Juridicamente, como o JOTA já mostrou, são muitas as barreiras que teriam de ser ultrapassadas para que o caso de Bolsonaro chegasse ao plenário do Supremo.

Primeiro, algum ministro teria que acompanhar a absolvição trazida por Fux para se chegar aos dois votos necessários para a interposição de embargos infringentes, conforme jurisprudência construída no julgamento de Paulo Maluf por crime de lavagem de dinheiro e reafirmada em julgados do 8 de Janeiro.
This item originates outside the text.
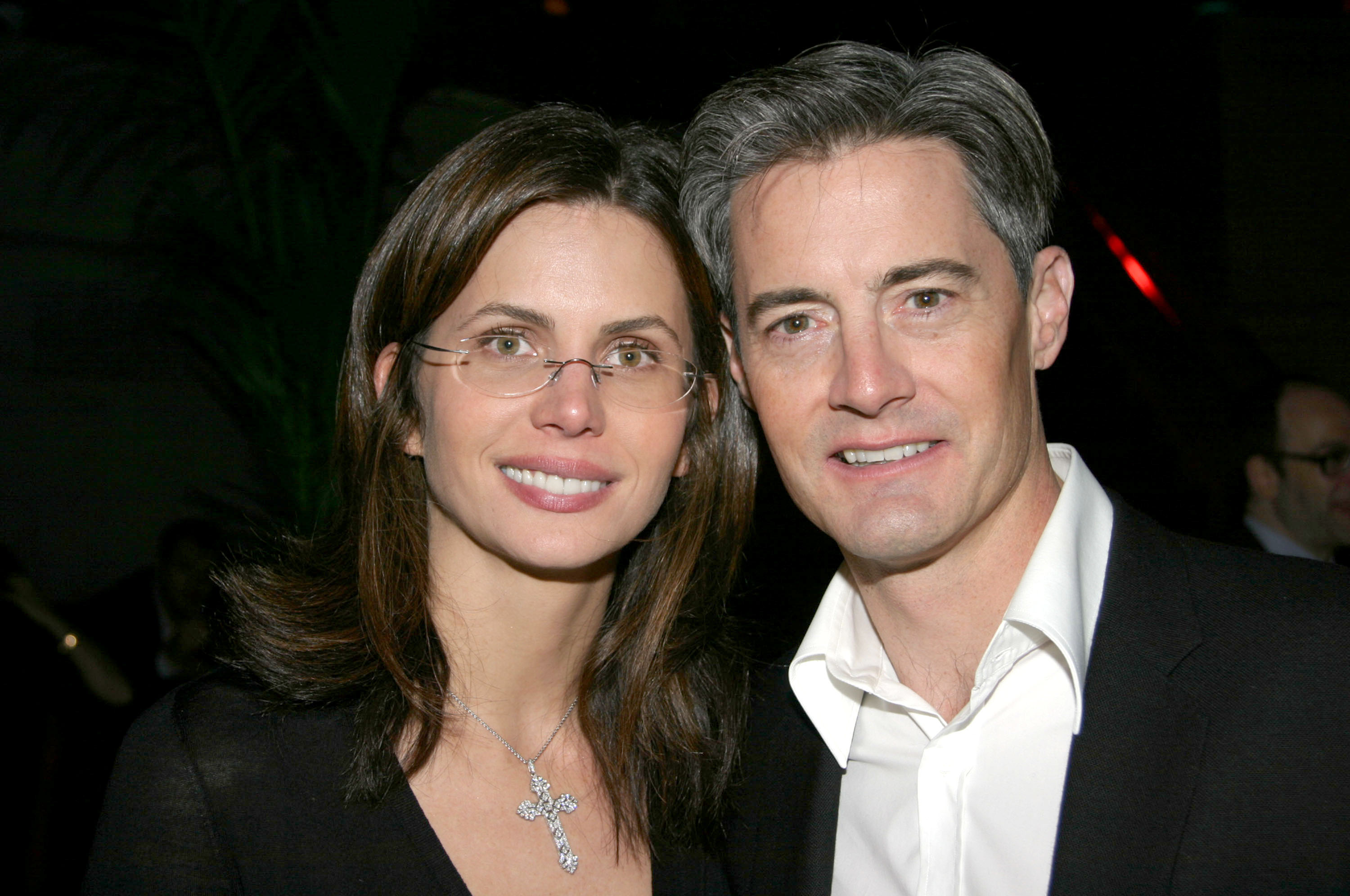 Desiree Gruber et Kyle MacLachlan lors de la soirée d'ouverture de "The Caretaker" à New York en 2003. | Source : Getty Images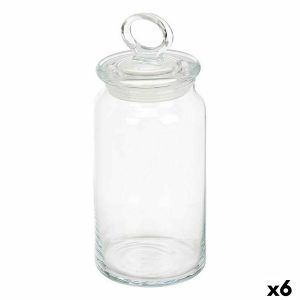 Pohár Kitchen 9,8 x 23,4 x 9,8 cm Transparentná Silikónové Sklo 1,1 L (6 kusov)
Depois, o recurso dos advogados de Bolsonaro teria que ser aceito pelo relator. Se Moraes não o acolher, a defesa pode recorrer por meio de um agravo a todos os ministros da 1ª Turma, que podem aceitar ou não a ida para o plenário.

Porém, dada a tradição de reviravoltas políticas no país, não se pode descartar totalmente que alguma manobra futura venha a driblar as restrições. Ainda que visivelmente não haja boa vontade da Corte com Bolsonaro, a pressão política crescente, e agora reforçada por um membro do STF, eleva os riscos de cenários alternativos se materializarem, embora não pareça o mais provável.

Curiosamente, na semana em que as redes bolsonaristas alimentaram discussões sobre a convulsão civil no Nepal, Fux, a despeito da insatisfação que causou em seus colegas, de certa forma gerou alguma esperança do caminho institucional no campo da direita mais radical.

Ligeira piora para a opção Tarcísio

Se, do ponto de vista do discurso, a surpreendente atuação de Fux pareceu alinhada com o tom dado pelo governador de São Paulo, Tarcísio de Freitas, que defendeu enfaticamente Bolsonaro no último domingo, o voto do ministro acaba jogando contra os interesses presidenciáveis de Tarcísio, ao alimentar uma esperança de reviravolta em favor do ex-presidente.

Com esse voto, certamente serão renovadas as pressões por anistia no Congresso, que ainda não andou efetivamente. E podem ganhar novo gás as pressões para novas ações dos Estados Unidos de Donald Trump contra o Brasil (ou especificamente contra ministros do STF que seguirem Moraes).

Apesar da corrida para que o julgamento se encerre nesta semana, o longo voto de Fux aumentou os riscos de o processo correr para a semana que vem. A ver.